Lettre d'info n°8: Le Manager Coach


Edito : Manager-coach, recette ou nouvelle posture ?

Nous rencontrons de plus en plus d'organisations qui développent en interne des compétences de 'coach' et mettent en place des dispositifs d'entretiens conduits par des managers auprès d'autres cadres, portant le nom de 'coaching'. Les managers eux-mêmes sont invités à entretenir avec leurs équipes des relations s'inspirant du coaching, et à devenir des 'manager-coach'.

S'agit-il d'un nouvel effet de mode ou cela répond-il à des besoins spécifiques ?

Nous avons souvent l'impression que le 'coaching' est utilisé ou souhaité comme outil en tant que tel, ce qui risque de le réduire à l'état de simple recette et, à terme, d'en faire échouer l'usage.
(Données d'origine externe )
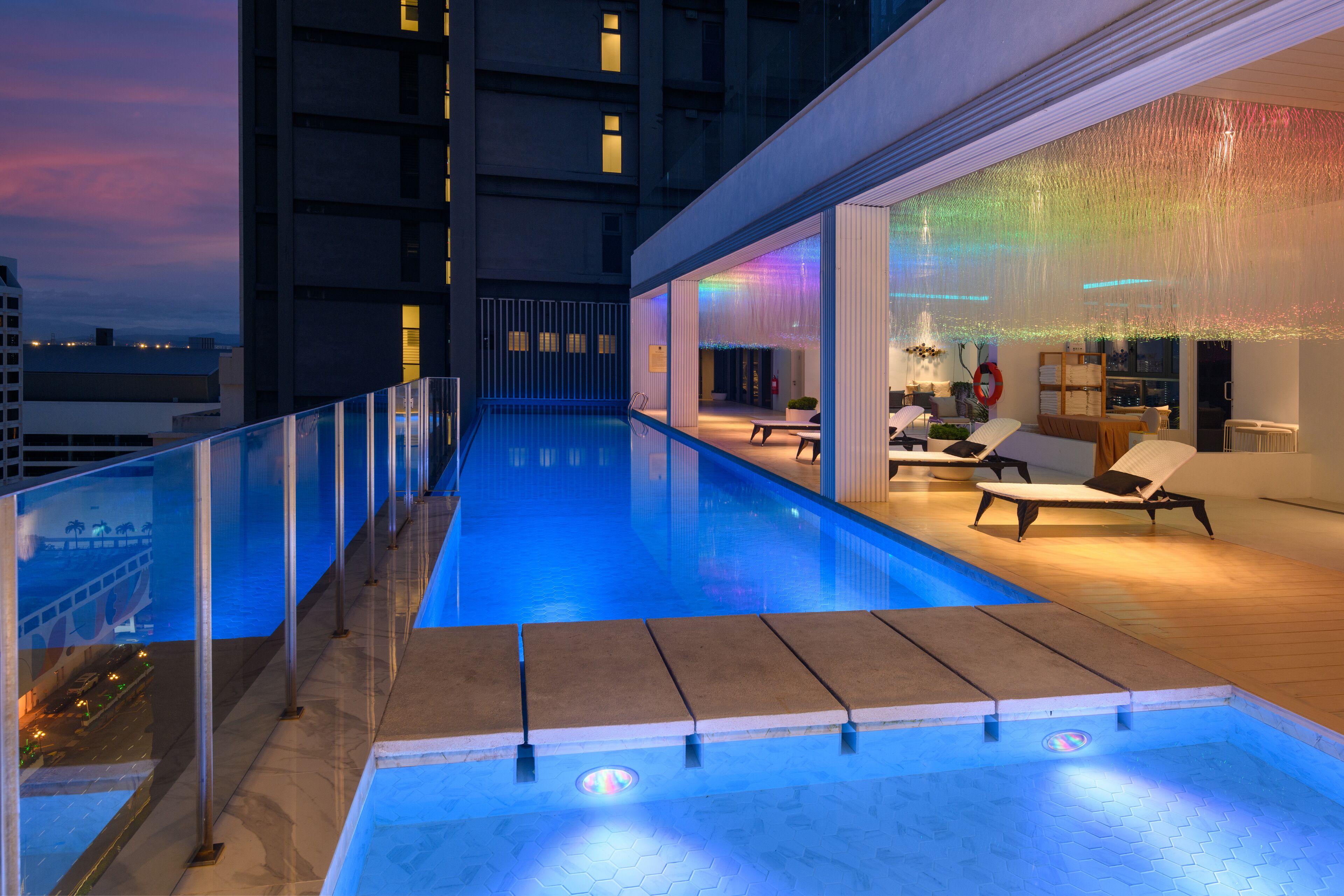 A rooftop pool area with a glass balustrade, lounge chairs, and a view of the cityscape at dusk.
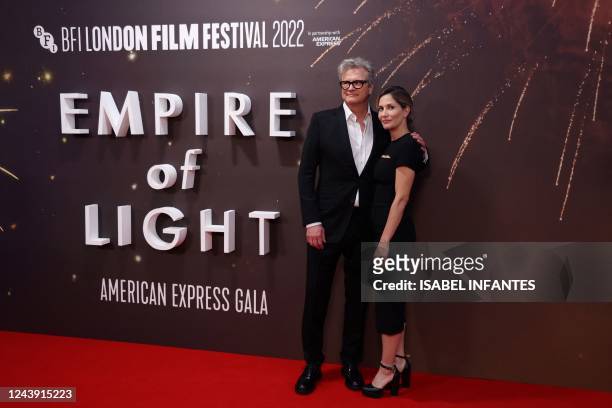 British actor Colin Firth and his wife Livia Giuggioli pose on the red carpet on arrival to attend the American Express Gala European Premiere of...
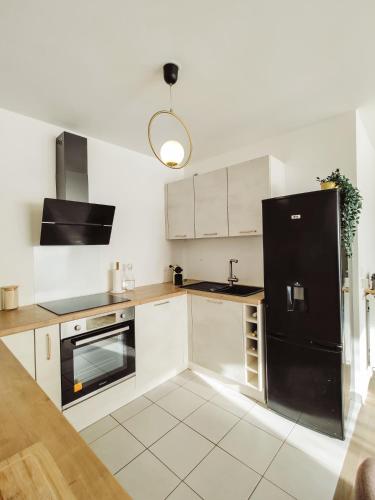 une cuisine avec des armoires blanches et un réfrigérateur noir dans l'établissement Cocon urbain proche La Défense-Paris - logement entier, à Colombes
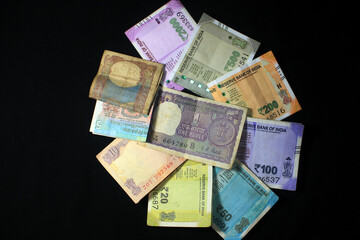 Now and old Indian currencies. 50, 100, 200, 500 rupee notes and coins. Indian currency isolated on black background.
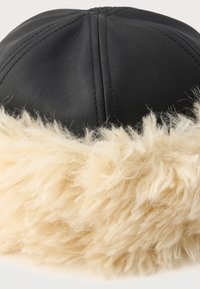 Black leather cap featuring a beige, fluffy faux fur trim along the base, showcasing a smooth texture and rounded design with stitched seams.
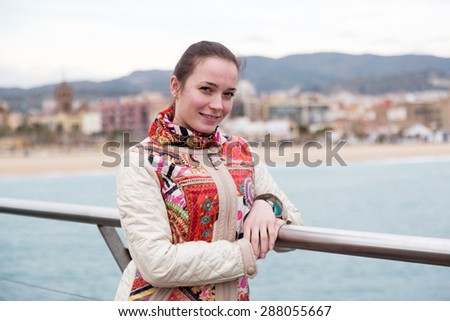 Happy female standing at pier in cold spring day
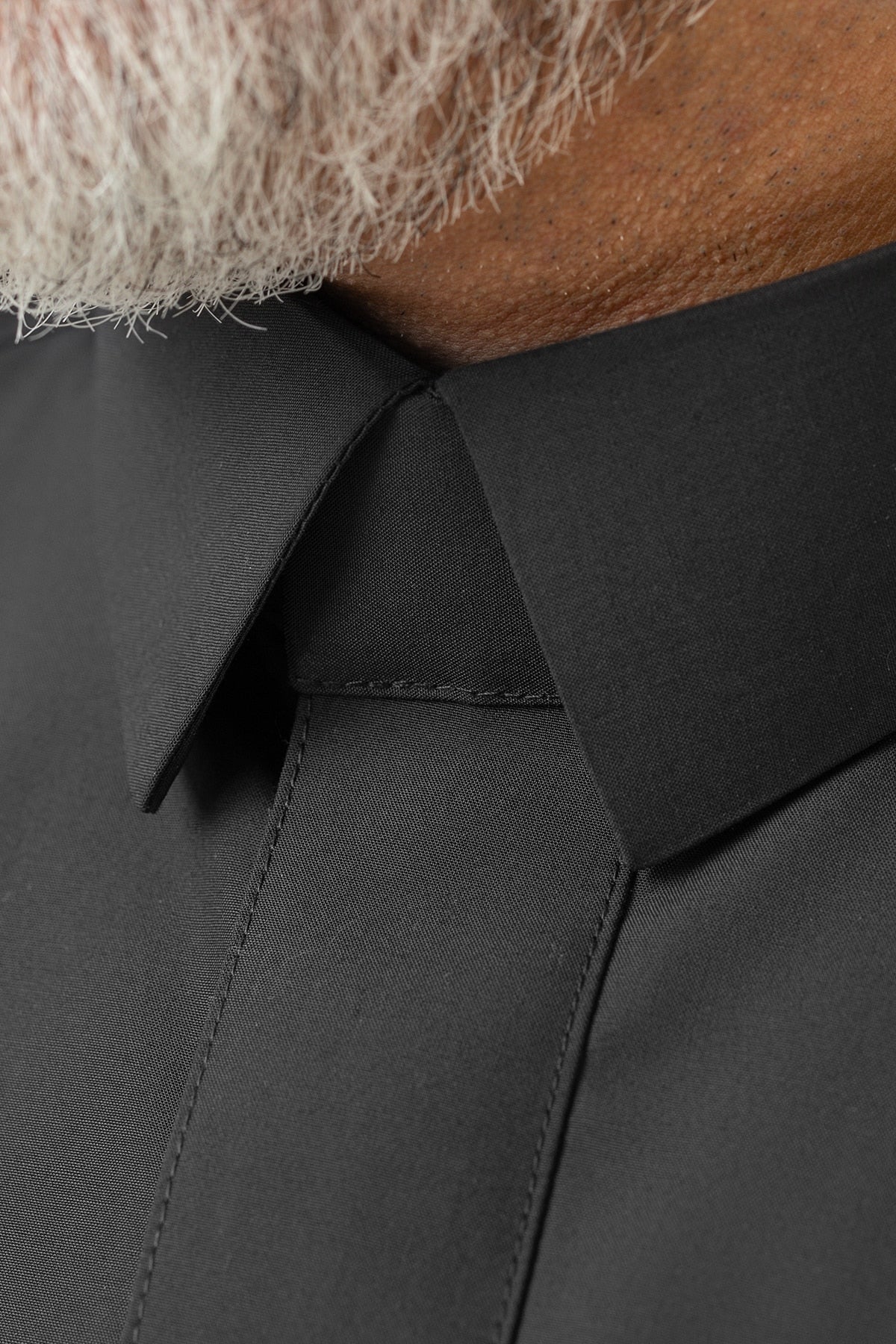 Black business suit, lapel collar
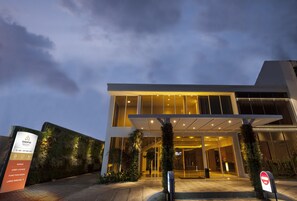 A modern hotel entrance with a glass facade, a reception area, and a landscaped entrance. - Lunara Home Living by Daphna Management (Yogyakarta)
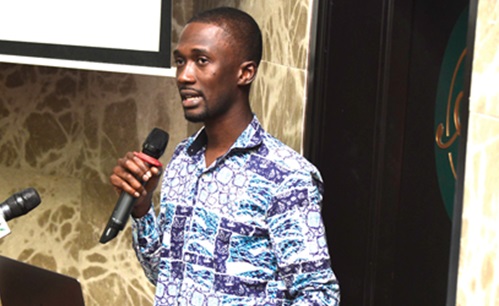 Dr Raphael Awuah (right), a co-investigator of the CARE Diabetes team, making his presentation at a dissemination meeting of the study on diabetes  held in Accra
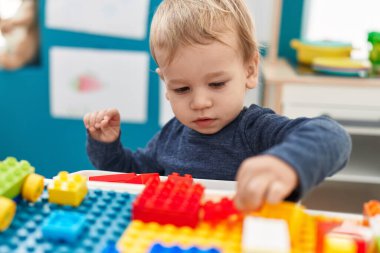 Anaokulundaki masada oturan sevimli sarışın çocuk inşaat bloklarıyla oynuyor.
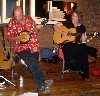 Fran on mandolin and Lisa on guitar.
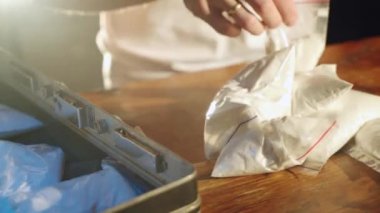 Uyuşturucu satıcısı bavuluna uyuşturucu dolduruyor. Yakın plan. Uyuşturucu bağımlılığı. Kriminal İş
Ces dispositifs et nouvelles attitudes ne peuvent s'envisager qu'au service d'une volonté de développement de l'efficacité des équipes et des managers à travers de nouvelles pratiques managériales.

L'évolution des pratiques managériales, au regard des changements d'organisation, reste un enjeu majeur dans le fonctionnement de l'entreprise et l'efficacité des équipes. La vie actuelle des entreprises implique de la distance physique et du recul relationnel. Par exemple, les opérateurs du front office doivent à présent prendre immédiatement, face à leur client et à leur écran informatique, des décisions rapides qui, auparavant, étaient soumises au responsable.
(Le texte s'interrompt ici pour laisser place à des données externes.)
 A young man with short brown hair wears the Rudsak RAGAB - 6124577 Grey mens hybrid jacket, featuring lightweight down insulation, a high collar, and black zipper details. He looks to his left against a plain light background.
La distance relationnelle est également induite par des organigrammes plus plats. Les responsables hiérarchiques doivent se dégager du court terme pour s'intéresser au moyen terme, tout en ayant sous contrôle l'activité à court terme. Le développement de l'efficacité passe par la délégation de décisions et un accompagnement de proximité qui assure une progression de l'autonomie des équipes : les managers 'coachent' véritablement leurs équipes. Cette délégation des décisions impose une meilleure responsabilisation des équipes et de leurs encadrants de proximité et accroît leur capacité d'autonomie.

L'ère du meilleur technicien dans son métier promu 'manager' est révolue, pour laisser la place à des 'managers-facilitateurs' ou 'managers-coachs' qui doivent encadrer, tout en accompagnant.

Former les managers à devenir ces accompagnants est essentiel mais, par certains aspects, insuffisant. Ils ont aussi besoin d'être aidés, suivis dans leur développement : finie l'ère où le manager fait comme il peut. Ces dispositifs sont mis en place pour répondre à un besoin de développement des encadrants, en leur fournissant une aide et un accompagnement dans leur pratique du management de terrain. Il devient aussi important de travailler sur comment l'on manage que sur ce qui est managé. Il est possible d'admettre que le goût du management est inné, mais la pratique s'apprend, se travaille, s'améliore.

Enfin ces dispositifs relèvent le défi du décloisonnement entre unités et favorisent le développement de synergies, même à haut niveau hiérarchique, afin de promouvoir des pratiques et des réflexes de 'gagnant-gagnant'.

Alain Mastin

 

Témoignage : Maïté Raymond, Responsable des formations en développement du potentiel à l'Académie ACCOR.

FMK : Qu'est-ce qui vous a amené à mettre en place une formation de 'manager-coach' ?

MR : L'ambition du groupe ACCOR est d'être le meilleur employeur de l'année. Cette formation s'inscrit tout naturellement dans le développement du potentiel des managers et dans le cadre de l'organisation apprenante qui est notre objectif. Développer des compétences de coach pour les managers permet une montée en puissance des modes de management et d'organisation.

FMK : Quels changements concrets attendez-vous des managers ayant suivi ce type de formation ?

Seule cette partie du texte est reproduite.